Faymann setzt auf den Staat und hält ÖVP-Sieg für eine „Schreckens-vorstellung“. Die SPÖ-Devise für verunsicherte Bürger, die in private Pensionsfonds eingezahlt haben, lautet: mehr staatliche Regulierung.
WIEN (red./APA).Ein Wahlsieg der ÖVP ist für ihn eine „Schreckensvorstellung“: Werner Faymann rührt in der letzten Woche vor der Wahl die Werbetrommel für seine SPÖ. Als Kanzler würde er sich vom ersten Tag an um Kassensanierung, Gesundheitsreform und Pensionen kümmern, sagte er in der sonntägigen ORF-„Pressestunde“. Die Umfragen zeigen, dass seine Chance, den Ankündigungen auch tatsächlich Taten folgen zu lassen, intakt ist: Die Sozialdemokraten liegen leicht vorne.

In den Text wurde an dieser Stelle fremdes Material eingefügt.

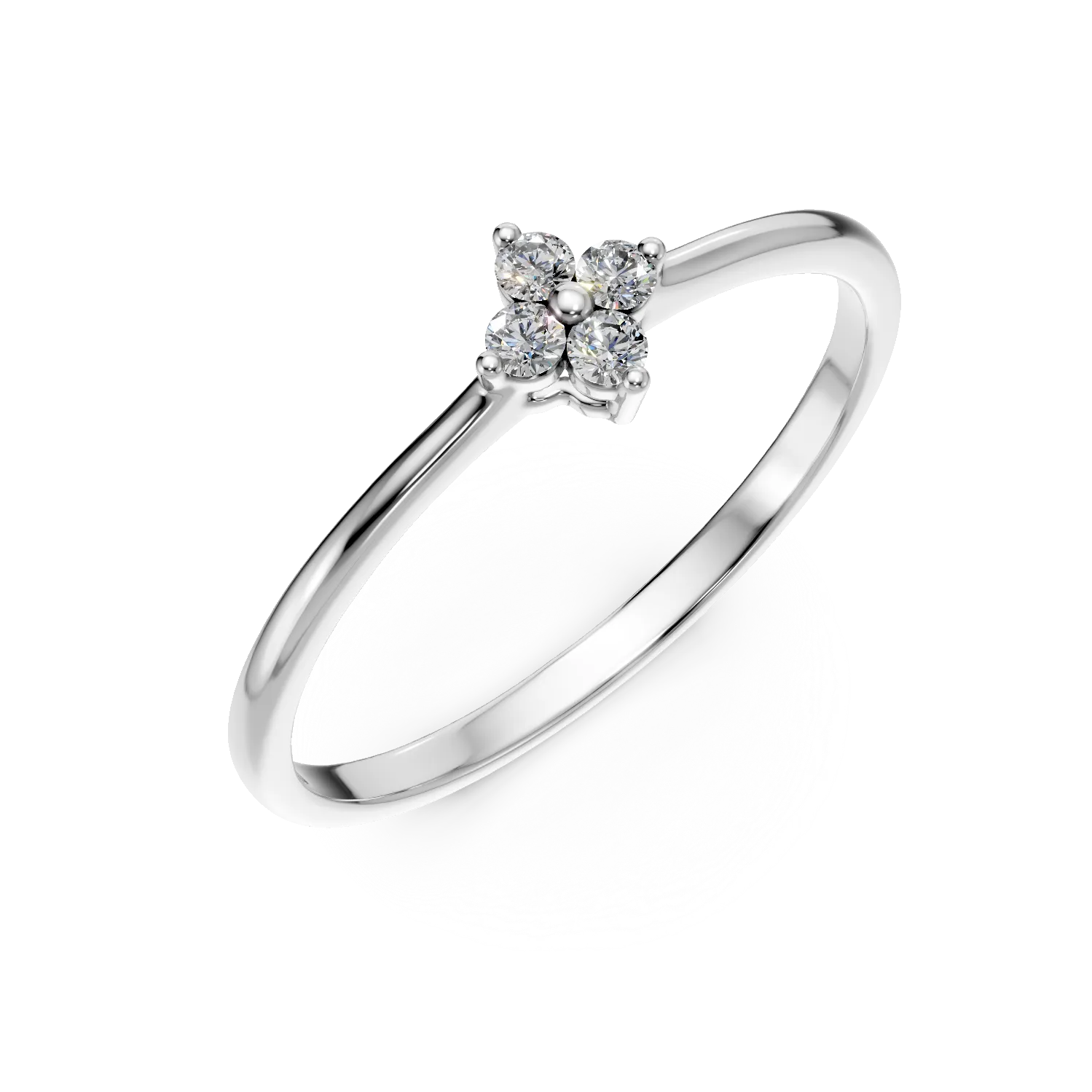 Inel floare minimalist din aur alb cu diamante de 0.04ct create in laborator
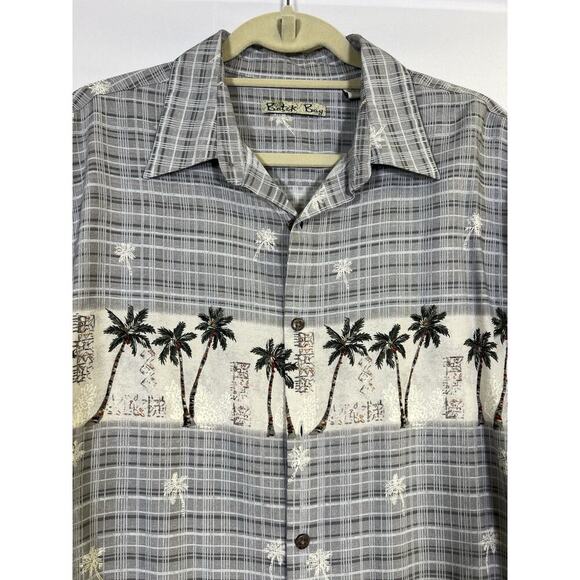 VTG Men’s Silk Button Down Hawaiian Shirt L Gray Pocket Polynesian Batik Bay - Picture 2 of 10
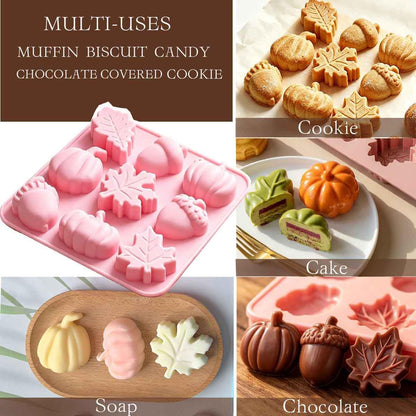 Halloween Pumpkin Maple Leaf Acorn Silicone Molds for Baking, 1Pcs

Aus der internationalen Finanzmarktkrise hofft Faymann offensichtlich – wie auch Molterer – politischen Profit zu schlagen. Die SPÖ-Devise für verunsicherte Bürger, die in private Pensionsfonds eingezahlt haben, lautet: mehr staatliche Regulierung.
„Molterer-Schüssel-ÖVP“
Und mit wem soll das umgesetzt werden? Geht es nach Faymann, am liebsten wieder mit einer Großen Koalition. Aber das hänge von den „handelnden Personen“ ab. Wie schon in den letzten Wochen macht Faymann allerlei Unbill, so auch die Ablöse von Alfred Gusenbauer, an der „Molterer-Schüssel-ÖVP“ fest. Die Retourkutsche der ÖVP lässt nicht lange auf sich warten. Faymanns Karriere sei von „abgesägten Parteifreunden gepflastert“, so ÖVP-Generalsekretär Hannes Missethon. Wenn die SPÖ den Kanzler stelle, werde es eine Wiederverstaatlichung und mehr Schulden geben, glaubt er.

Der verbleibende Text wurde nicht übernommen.